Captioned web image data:
◇ ◇ ◇ ◇ ◇

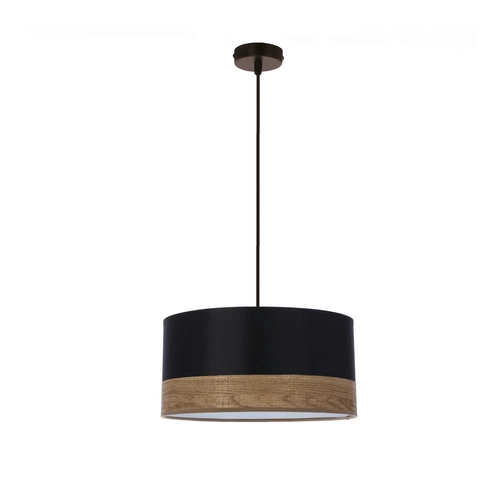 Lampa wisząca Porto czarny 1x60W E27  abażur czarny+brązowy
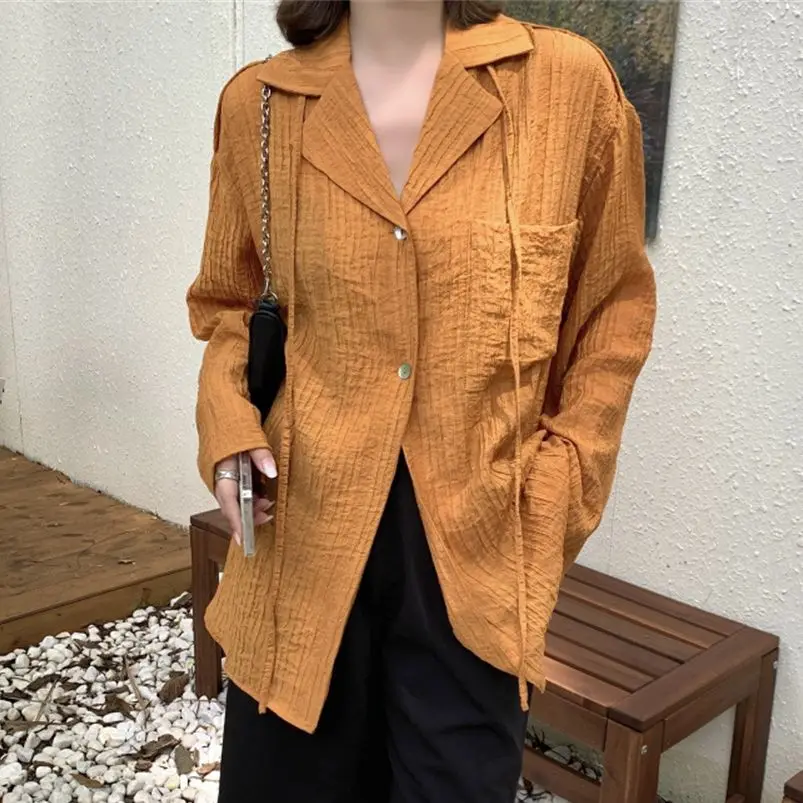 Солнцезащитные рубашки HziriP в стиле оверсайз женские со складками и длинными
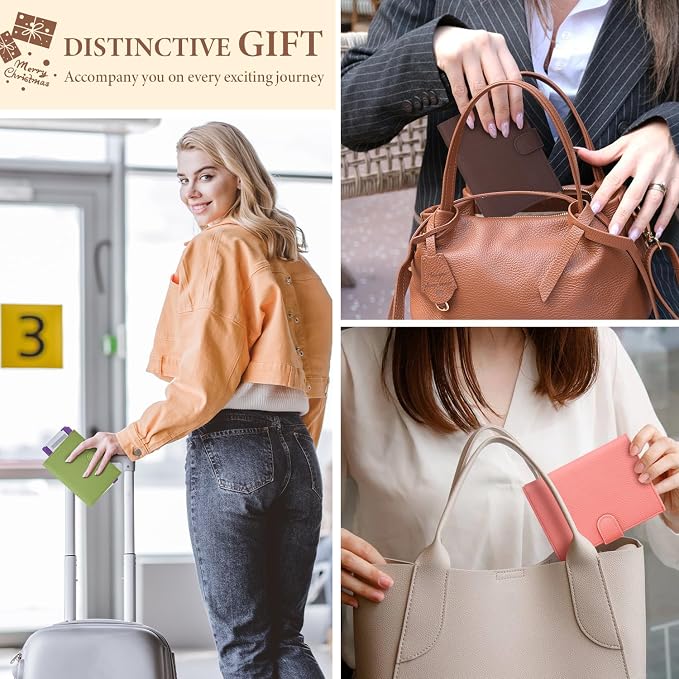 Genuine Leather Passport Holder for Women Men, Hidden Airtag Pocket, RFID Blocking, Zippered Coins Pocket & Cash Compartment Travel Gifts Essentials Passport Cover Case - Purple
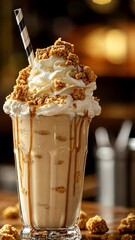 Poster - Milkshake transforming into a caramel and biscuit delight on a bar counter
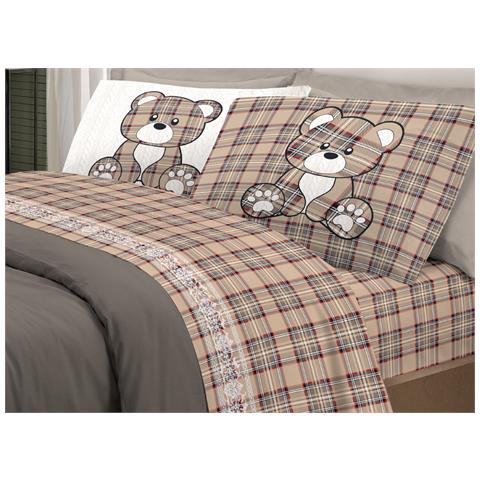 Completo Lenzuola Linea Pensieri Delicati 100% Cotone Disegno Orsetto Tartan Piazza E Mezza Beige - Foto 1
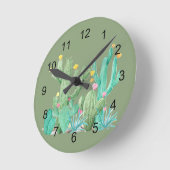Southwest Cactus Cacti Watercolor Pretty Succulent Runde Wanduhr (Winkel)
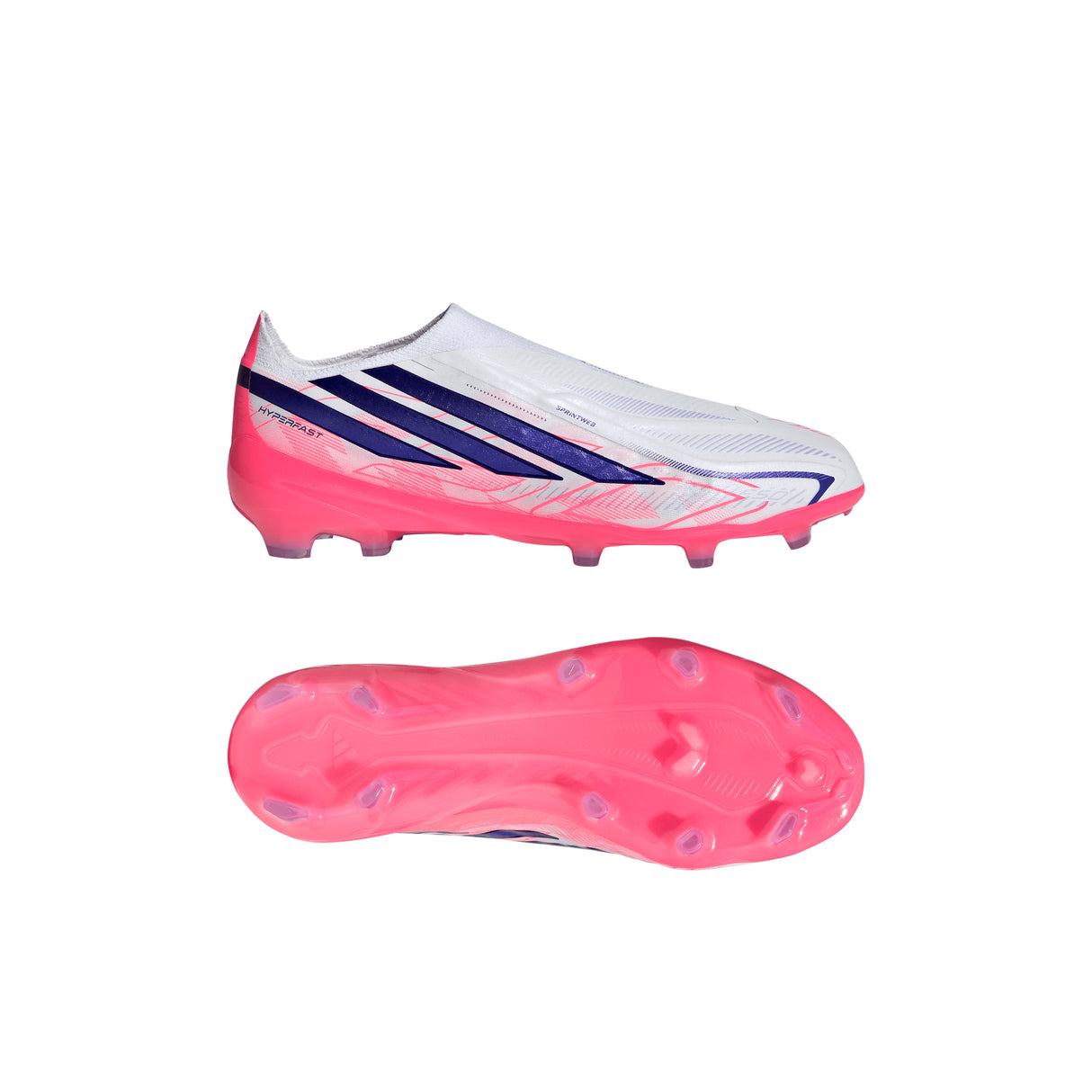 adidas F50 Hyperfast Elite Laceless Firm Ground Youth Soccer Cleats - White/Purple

◇ ◇ ◇ ◇ ◇

◆ **Exercise objective**: Please copy, exactly as written, the lines from the one that contains "Genuine Leather Passport" through the end of the records, both ends included. Do not include the pictures.

◆ **Problem solution**:
 Genuine Leather Passport Holder for Women Men, Hidden Airtag Pocket, RFID Blocking, Zippered Coins Pocket & Cash Compartment Travel Gifts Essentials Passport Cover Case - Purple
 Poster - Milkshake transforming into a caramel and biscuit delight on a bar counter
 Completo Lenzuola Linea Pensieri Delicati 100% Cotone Disegno Orsetto Tartan Piazza E Mezza Beige - Foto 1
Southwest Cactus Cacti Watercolor Pretty Succulent Runde Wanduhr (Winkel)
 adidas F50 Hyperfast Elite Laceless Firm Ground Youth Soccer Cleats - White/Purple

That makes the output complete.